Beim 3:5 (1:2) in Basel offenbarte das erst am Morgen aus dem Trainingslager in Südfrankreich angereiste Team von Bundestrainer Joachim Löw erstaunliche Mängel in allen Bereichen. Insbesondere im Defensivverhalten war die DFB-Auswahl ohne die acht Münchner Akteure von Turnierreife meilenweit entfernt.
Die Abwehr vor dem überraschend im Tor eingesetzten und sogar 90 Minuten durchspielenden Debütanten Marc-André ter Stegen war nicht nur bei den drei Gegentoren des herausragenden Leverkuseners Eren Derdiyok (21./23./50. Minute) sowie den Treffern von Stephan Lichtsteiner (67.) und Admir Mehmedi (76.) orientierungslos. Der Dortmunder Mats Hummels mit seinem ersten DFB-Tor (45.), Andre Schürrle (64.) und Marco Reus (72.) betrieben vor 27 381 Zuschauer im St. Jakob-Park lediglich Schadensbegrenzung. Auf Löw wartet nach der Rückkehr nach Südfrankreich, wohin auch die Bayern um Kapitän Philipp Lahm am Samstagabend anreisten, noch sehr viel Arbeit.
Besonders im Blickpunkt stand in Basel die Defensive, und die fiel bei dem Test mit Pauken und Trompeten durch. Die Viererkette vor ter Stegen, der als 51. Neuling in der Ära Löw ein ordentliches Debüt zwischen den Pfosten gab, wirkte desolat und kassierte erstmals unter Löw fünf Gegentore. Per Mertesacker war bei seinem ersten Wettkampf nach dreimonatiger Pause wegen einer Fußverletzung nicht der von Löw erhoffte Abwehrchef, aber auch die Nebenleute Hummels, Benedikt Höwedes und Marcel Schmelzer waren gegen die spritzigeren und gedankenschnelleren Schweizer immer wieder zweiter Sieger.
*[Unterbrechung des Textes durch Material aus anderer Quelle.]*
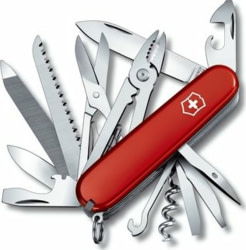 Victorinox 1.3773 tootepilt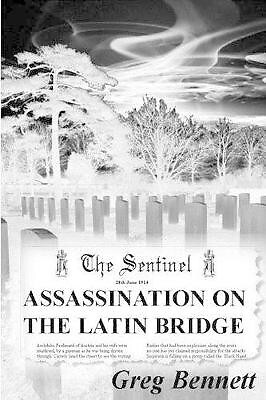 Assassination the latin - assassination, on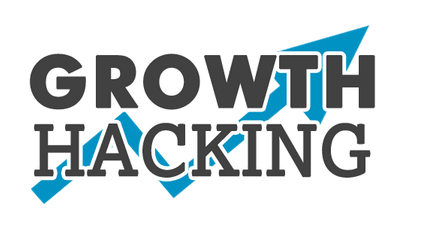 growth hacking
Im Angriff richteten sich alle Augen auf Miroslav Klose, der in seinem 115. DFB-Einsatz Spielpraxis im Hinblick auf die EM sammeln sollte. Doch der Kapitän fand ebenso wenig Bindung zum Spiel wie Lukas Podolski, dem jegliche Explosivität fehlte. Kloses einzigen Torschuss (49.) meisterte Diego Benaglio im Schweizer Tor sicher. Auch Mario Götze und Mesut Özil, der nach der Pause von Marco Reus abgelöst wurde, hatten mit schweren Beinen zu kämpfen. Reus belebte das deutsche Spiel und auch der 20 Minuten vor dem Ende gekommene 52. Löw-Neuling Julian Drexler trat frisch und frech wie im Schalker Trikot auf.
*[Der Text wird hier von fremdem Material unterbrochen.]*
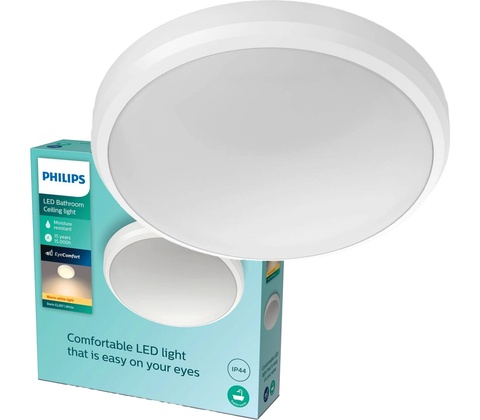 Philips P4024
Eher Sommerfußball als echter EM-Test
Gegen die Auswahl von Ottmar Hitzfeld sah das Spiel der deutschen Mannschaft oft eher nach Sommerfußball denn nach einem ernsthaften EM-Test aus. Trotz 7:1 Ecken für die Löw-Schützlinge in den ersten 18 Minuten kamen die Schweizer zur ersten Chance. Derdiyoks Kopfball flog jedoch knapp am Tor vorbei (15.).
Dann wurde die deutsche Mannschaft für ihre Nachlässigkeit in der Defensive bestraft. Ein Ballverlust von Mario Götze im Mittelfeld brachte Tranquillo Barnetta ins Spiel, von dem Benedikt Höwedes meist nur die Hacken sah. Der Leverkusener setzte sich auf der linken Seite energisch durch und passte zu seinem Clubkollegen Derdiyok, der mühelos zum 1:0 vollstreckte. Nur zwei Minuten später war die Abwehr erneut falsch gestaffelt, als Barnetta erneut auf der linken Seite davonzog und nach innen flankte. Unbehelligt von Mertesacker konnte Derdiyok sich per Kopf beim 2:0 die Ecke aussuchen.
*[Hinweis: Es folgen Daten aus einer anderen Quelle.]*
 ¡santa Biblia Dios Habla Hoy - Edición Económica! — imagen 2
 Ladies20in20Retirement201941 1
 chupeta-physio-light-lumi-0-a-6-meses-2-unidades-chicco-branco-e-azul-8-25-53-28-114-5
Unordnung in der Defensive
Weitere 120 Sekunden später wäre die Unordnung im Defensivverbund beinahe ein drittes Mal bestraft worden. Mit einer Blitzreaktion gegen den frei auf ihn zulaufenden Derdiyok verhinderte Debütant ter Stegen einen Dreierpack des Schweizers innerhalb von fünf Minuten. Als Derdiyok den überforderten Hummels aussteigen ließ, zirkelte Mehmedi den Schlenzer den Ball aus 18 Metern knapp am deutschen vorbei. Mit dem Kopfballtreffer nach Özil-Freistoß gestaltete Hummels eine schwache erste DFB-Halbzeit wenigstens etwas freundlicher.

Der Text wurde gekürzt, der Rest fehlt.